生前、父が気に入ってお取り寄せした食品だったり(と言っても私が手続したわ)、ちょっとどなたかに贈り物をする際利用したお店だったりから、定期的に注文書が届く。父の名を使って何ら問題もないので母は今でもそのまま使ったりもする。父宛に品物が届くのもこれまた母にとっては特別なことなのかもしれない。というわけで、わざわざ
「父は亡くなりました」
なんて連絡もしない。母が元気なうちは、このままにしようと思っている。
ところが、この時期、大量に選挙関係の郵便物が届く。これまでそのままにしてきちゃったけれど、郵便料金も値上げとなり、もしかして税金からこれらが使われている?と思ったら、このままにできない気がした。
それがね、まったく同じものが4通も5通も届く。これらのチェックくらいできそうなものに‥‥‥。していただきたいわ。また、知らない人の名前でも届く。名字が同じだからと、紐づけされてしまったのかしら?いつぞやのマイナンバーカードみたい。そうして、実家分だけでも数百円のお金、無駄にしているってことになる。そのお金、そのまま欲しいです。
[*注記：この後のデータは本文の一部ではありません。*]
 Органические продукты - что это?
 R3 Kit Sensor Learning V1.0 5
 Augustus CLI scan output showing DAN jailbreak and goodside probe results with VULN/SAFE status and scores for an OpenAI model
私は、勇気を出して選挙事務所だか党本部だか個人事務所だか、何カ所も、電話をした。
「この通信費用はどこから出ていますか?」
の言葉を頭の中にぐるぐるさせながら
「おんなじ物が何通も届くんですよ~。無駄ですから確認をしたらいいと思うのですが」
と穏やかに伝える。そして父はもうこの世にいないことも‥‥‥。ちょっと寂しい。
以前、友人10人ほどの飲み会の席で、ある女性に
「この方、すごく頑張っている議員さんだから、応援してあげて」
と言われて、1枚の紙が回ってきたことがある。全員が氏名住所を書いている。私1人がそこで拒否できる雰囲気でもなく、ペンを動かした。もちろん、そこに名前を書いたからといって、選挙においてその議員さんに投票しなければならないなんてことはない。各自の自由だし、バレることもない。私はいつも自分の意思で決める。
ところが、その後、ずっと選挙前になるとその議員さんのハガキが届くようになった。父もこんなことになって、あちこちから郵便が届くようになっちゃったのかなあ?今となっては聞くこともできない。
あらま、父宛の郵便物の話からすっかり選挙の話になっちゃった。